Accordingly, this disclosure provides novel techniques for soliciting and conducting surveys, and gathering and organizing information and opinions from survey respondents, without conducting telephone surveys, paper surveys, or display-based online surveys. Some embodiments of this disclosure may be an improvement in the ability to conduct surveys without the costs of interviewer staff housed in a physical call center and/or without the need for survey respondents to physically log on to computers to conduct the survey. Further, some embodiments of this disclosure may improve survey respondent experiences by allowing survey respondents to take surveys on-the-fly via a smart speaker platform and to start, stop and resume surveys at their own convenience. Some embodiments of this disclosure may advantageously increase response rates and data reliability, provide for more comprehensive responses from respondents and novel response validation techniques.

Although some embodiments of this disclosure may be described in terms of one or more known speech interface assistants or smart speaker systems, it should be understood that the techniques described in this disclosure may be beneficial for use with other types of smart speaker systems and the techniques of this disclosure are not intended to be limited to only the types discussed in this document, which are used merely as an example.

As will be appreciated by one of skill in the art, the concepts described herein may be embodied as a method, data processing system, and/or computer program product. Accordingly, the concepts described herein may take the form of an entirely hardware embodiment, an entirely software embodiment or an embodiment combining software and hardware aspects all generally referred to herein as a “circuit” or “module.” Furthermore, the disclosure may take the form of a computer program product on a tangible computer usable storage medium having computer program code embodied in the medium that can be executed by a computer. Any suitable tangible computer readable medium may be utilized including hard disks, CD-ROMs, electronic storage devices, optical storage devices, or magnetic storage devices.

Some embodiments are described herein with reference to flowchart illustrations and/or block diagrams of methods, systems and computer program products. It will be understood that each block of the flowchart illustrations and/or block diagrams, and combinations of blocks in the flowchart illustrations and/or block diagrams, can be implemented by computer program instructions. These computer program instructions may be provided to a processor of a general purpose computer, special purpose computer, or other programmable data processing apparatus to produce a machine, such that the instructions, which execute via the processor of the computer or other programmable data processing apparatus, create means for implementing the functions/acts specified in the flowchart and/or block diagram block or blocks.

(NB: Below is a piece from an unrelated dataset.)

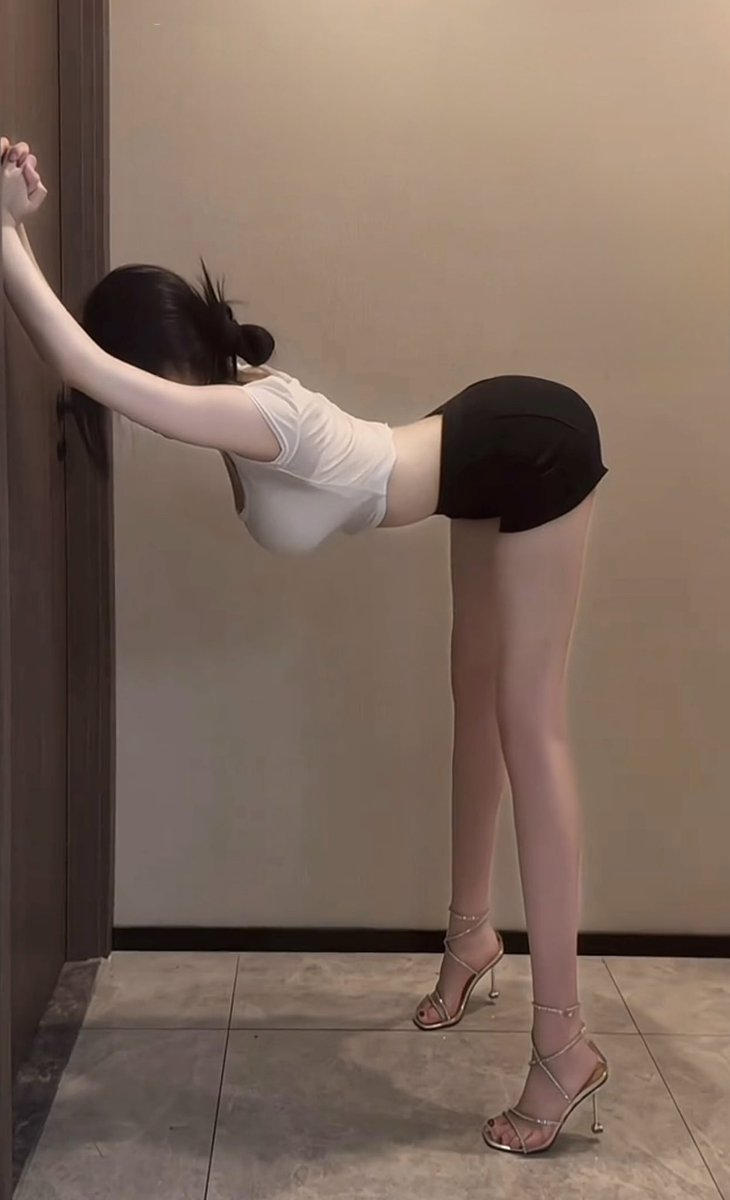 쌤이랑 스트레칭 할래?ㅎ

#펨돔 #교사 #일탈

These computer program instructions may also be stored in a computer readable memory or storage medium that can direct a computer or other programmable data processing apparatus to function in a particular manner, such that the instructions stored in the computer readable memory produce an article of manufacture including instruction means which implement the function/act specified in the flowchart and/or block diagram block or blocks.

The computer program instructions may also be loaded onto a computer or other programmable data processing apparatus to cause a series of operational steps to be performed on the computer or other programmable apparatus to produce a computer implemented process such that the instructions which execute on the computer or other programmable apparatus provide steps for implementing the functions/acts specified in the flowchart and/or block diagram block or blocks.

It is to be understood that the functions/acts noted in the blocks may occur out of the order noted in the operational illustrations. For example, two blocks shown in succession may in fact be executed substantially concurrently or the blocks may sometimes be executed in the reverse order, depending upon the functionality/acts involved. Although some of the diagrams include arrows on communication paths to show a primary direction of communication, it is to be understood that communication may occur in the opposite direction to the depicted arrows.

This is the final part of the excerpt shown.